所得に対する租税に関する二重課税の除去並びに脱税及び租税回避の防止のための日本国とコロンビア共和国との間の条約の締結について承認を求めるの件(条約第九号)概要
本件は、標記の条約の締結について、国会の承認を求めるものである。
この条約は、人的交流及び経済的交流に伴って発生する国際的な二重課税の除去並びに脱税及び租税回避行為の防止を目的として、我が国とコロンビアとの間で課税権を調整するとともに、両国における配当、利子及び使用料に対する源泉地国課税の限度税率等を定めるものであり、その主な内容は次のとおりである。
一 この条約が適用される租税は、日本国については所得税、法人税、復興特別所得税及び地方法人税とし、コロンビアについては所得税及びその補完税とすること。
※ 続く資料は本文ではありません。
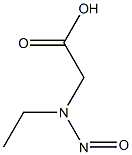 N-ethyl-N-carboxymethyl-nitrosamine 结构式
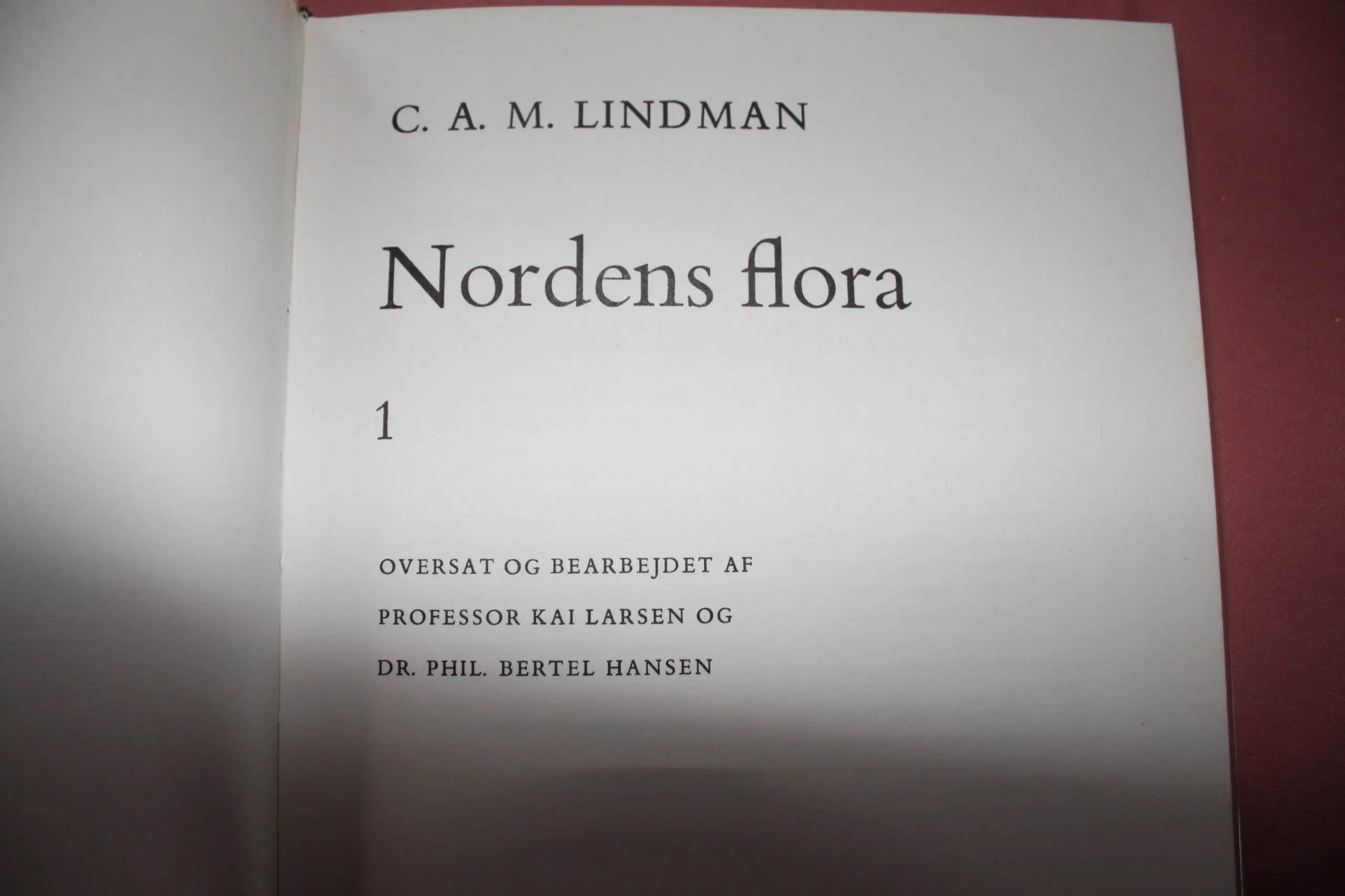 Nordens flora bind 1 - 10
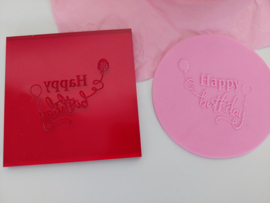 Happy  Birthday  Ballon - fondant stempel - PartyStamp - Debosser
二 一方の締約国の企業の事業利得に対しては、当該企業が他方の締約国内に恒久的施設を有する場合には、当該恒久的施設に帰せられる利得にのみ当該他方の締約国において課税できること及び恒久的施設に帰せられる事業利得に対する課税においては本支店間の内部取引をより厳格に認識して課税対象とすること。
三 一方の締約国の居住者である法人が他方の締約国の居住者に支払う配当に対しては、当該他方の締約国において課税できるが、当該一方の締約国においても、当該配当の受益者が当該配当を支払う法人の議決権の二十パーセント以上を保有する法人である場合には、配当額の五パーセントを超えない額、その他の場合には、配当額の十パーセントを超えない額を課税できること。ただし、当該配当の受益者が他方の締約国の公認の年金基金であり、かつ、当該配当が公認の年金基金の主たる目的としてこの条約に規定された活動によって取得される場合には、当該他方の締約国においてのみ課税できること。
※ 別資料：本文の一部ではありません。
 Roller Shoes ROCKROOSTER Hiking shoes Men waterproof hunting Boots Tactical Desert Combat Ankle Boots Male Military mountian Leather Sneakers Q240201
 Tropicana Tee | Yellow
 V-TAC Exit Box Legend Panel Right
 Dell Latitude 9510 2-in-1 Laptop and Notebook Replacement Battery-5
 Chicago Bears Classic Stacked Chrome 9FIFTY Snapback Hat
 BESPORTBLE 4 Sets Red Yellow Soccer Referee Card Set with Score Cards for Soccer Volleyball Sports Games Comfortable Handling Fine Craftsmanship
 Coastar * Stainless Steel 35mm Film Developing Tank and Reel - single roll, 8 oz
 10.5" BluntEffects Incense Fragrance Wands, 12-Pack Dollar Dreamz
四 一方の締約国内で生じ、他方の締約国の居住者に支払われる利子に対しては、当該他方の締約国において課税できるが、当該一方の締約国においても、利子額の十パーセントを超えない額を課税できること。ただし、当該利子の受益者が他方の締約国の政府等である場合には、当該他方の締約国においてのみ課税できること。
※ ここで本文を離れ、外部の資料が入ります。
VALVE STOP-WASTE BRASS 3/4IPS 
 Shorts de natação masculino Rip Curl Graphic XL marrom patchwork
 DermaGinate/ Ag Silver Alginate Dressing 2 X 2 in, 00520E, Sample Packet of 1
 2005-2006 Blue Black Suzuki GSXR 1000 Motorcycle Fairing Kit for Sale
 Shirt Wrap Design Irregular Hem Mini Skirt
五 一方の締約国内で生じ、他方の締約国の居住者に支払われる著作権、特許権等の使用料に対しては、当該他方の締約国において課税できるが、当該一方の締約国においても、産業上、商業上又は学術上の設備の使用等に対する場合は使用料額の二パーセント、その他の場合は使用料額の十パーセントを超えない額を課税できること。
六 この条約の規定に適合しない課税について、権限のある当局に対して申立てをすることができること及び権限のある当局が相手国の権限のある当局と協議を行って解決を図ることができること。
七 両締約国の権限のある当局間で租税に関する情報の交換を行うこと及び租税債権の徴収について相互に支援を行うこと。
八 この条約の特典の濫用防止のため、特典を享受できる者を一定の要件を満たす適格者等に限定すること。
なお、条約の不可分の一部を成す議定書は、一定の場合に情報提供を拒否できること等を規定している。